• [THE PROBLEM]
Copy exactly, and copy nothing else: the line that contains "Lake Scene Resort Ratchaburi Екстер'єр фото" and all lines after it in the listing, without pictures.
(DATA TO EXAMINE Opens)
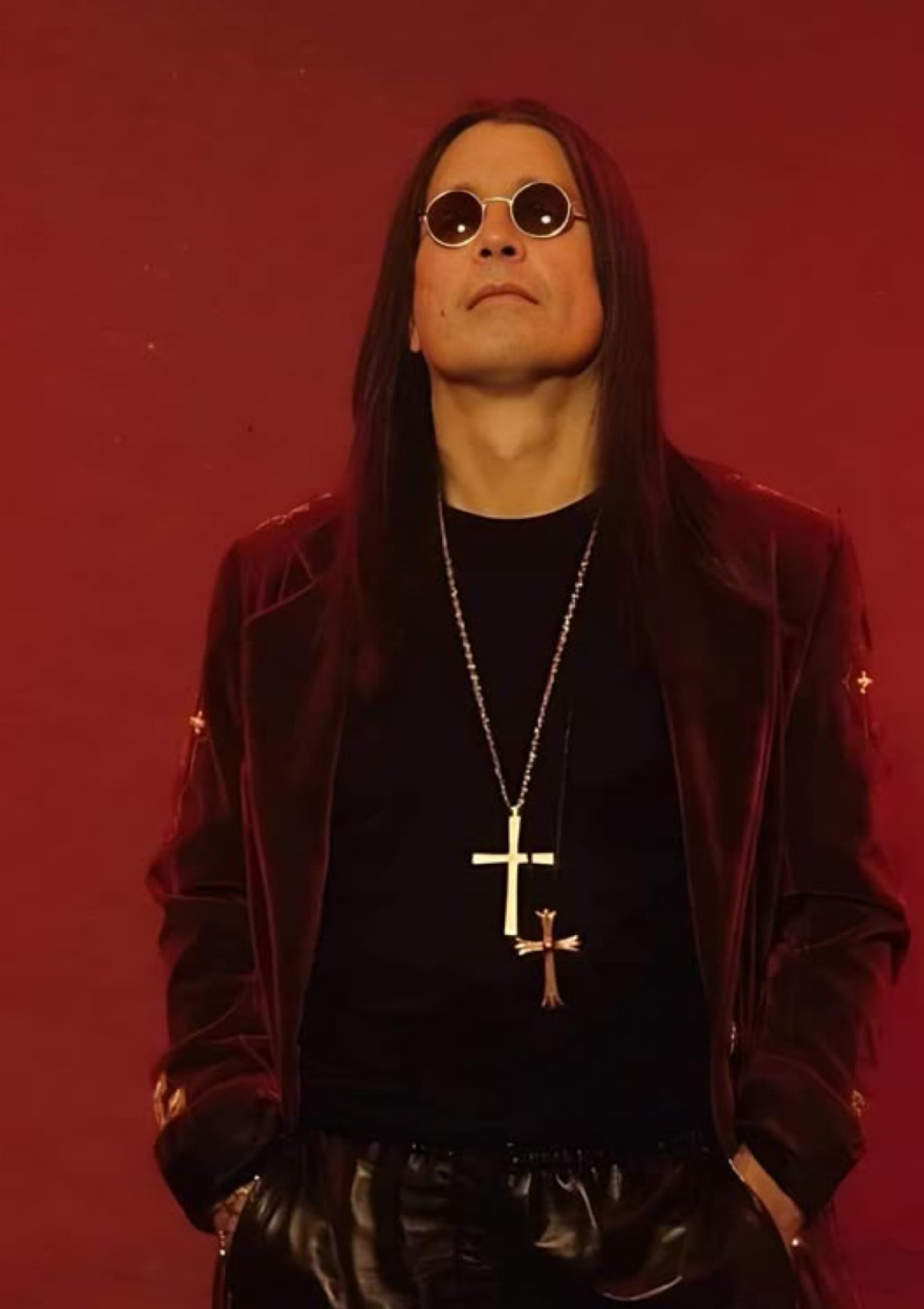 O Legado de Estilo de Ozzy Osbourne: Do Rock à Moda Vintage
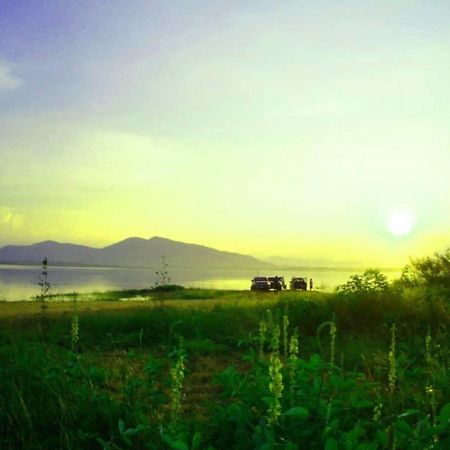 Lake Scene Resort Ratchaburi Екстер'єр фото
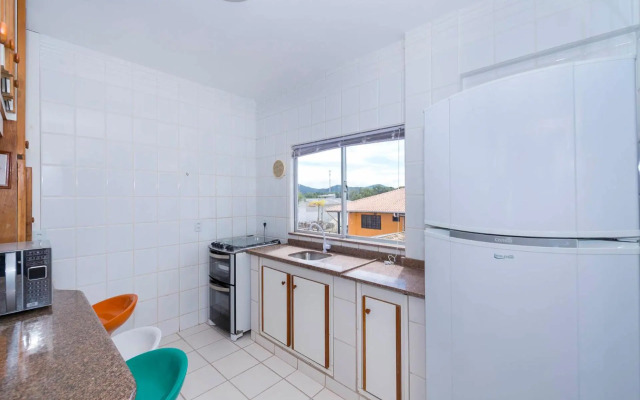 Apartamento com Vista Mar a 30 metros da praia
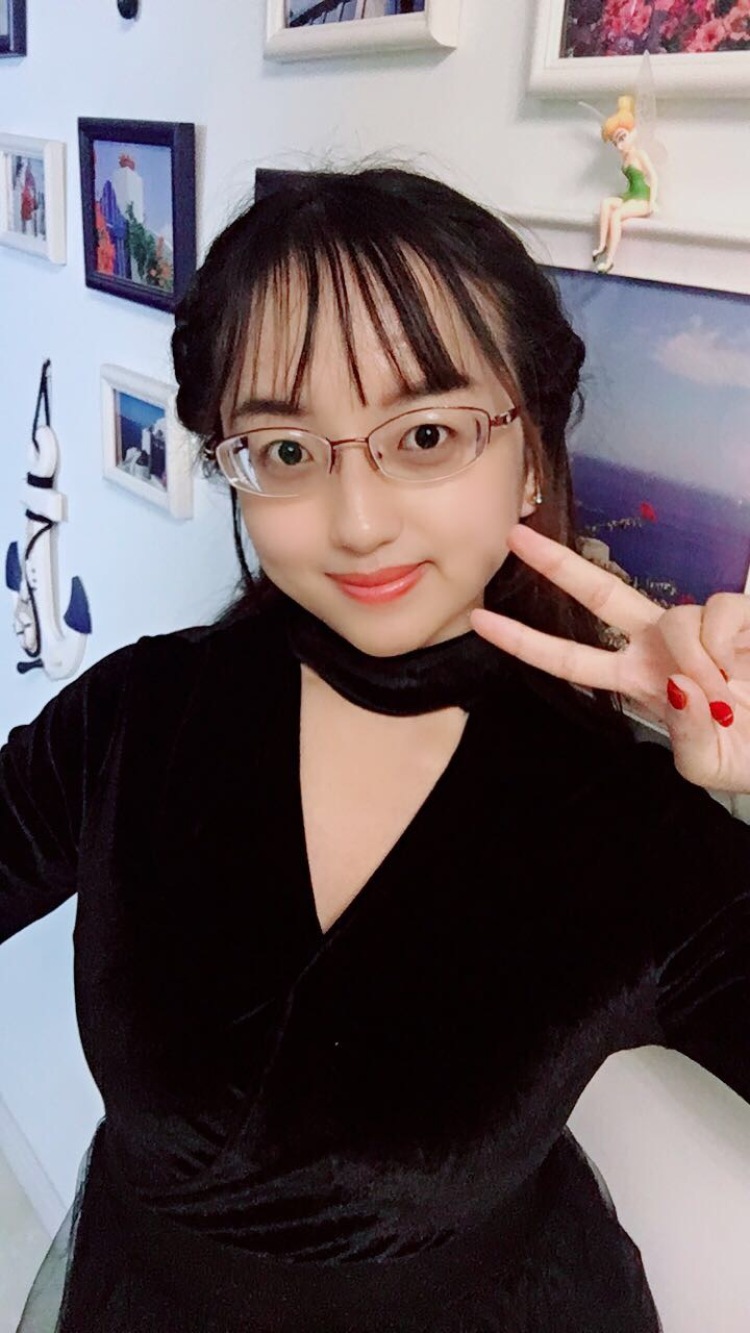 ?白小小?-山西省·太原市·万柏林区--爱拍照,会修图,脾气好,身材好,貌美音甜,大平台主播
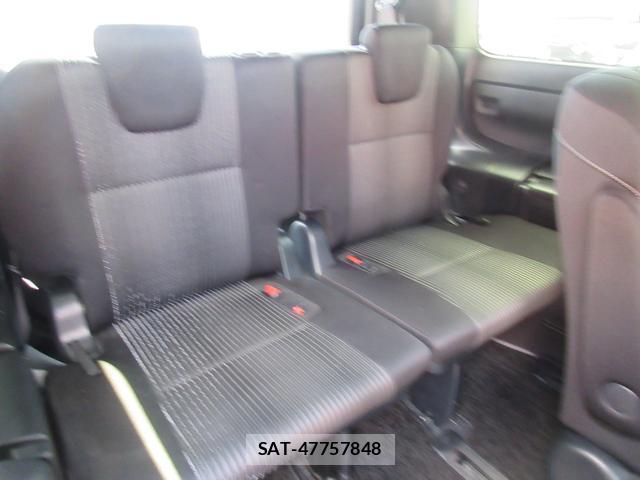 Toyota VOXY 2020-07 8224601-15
(DATA TO EXAMINE Closes)
• [SOLUTION BELOW]
 Lake Scene Resort Ratchaburi Екстер'єр фото
 Apartamento com Vista Mar a 30 metros da praia
 ?白小小?-山西省·太原市·万柏林区--爱拍照,会修图,脾气好,身材好,貌美音甜,大平台主播
 Toyota VOXY 2020-07 8224601-15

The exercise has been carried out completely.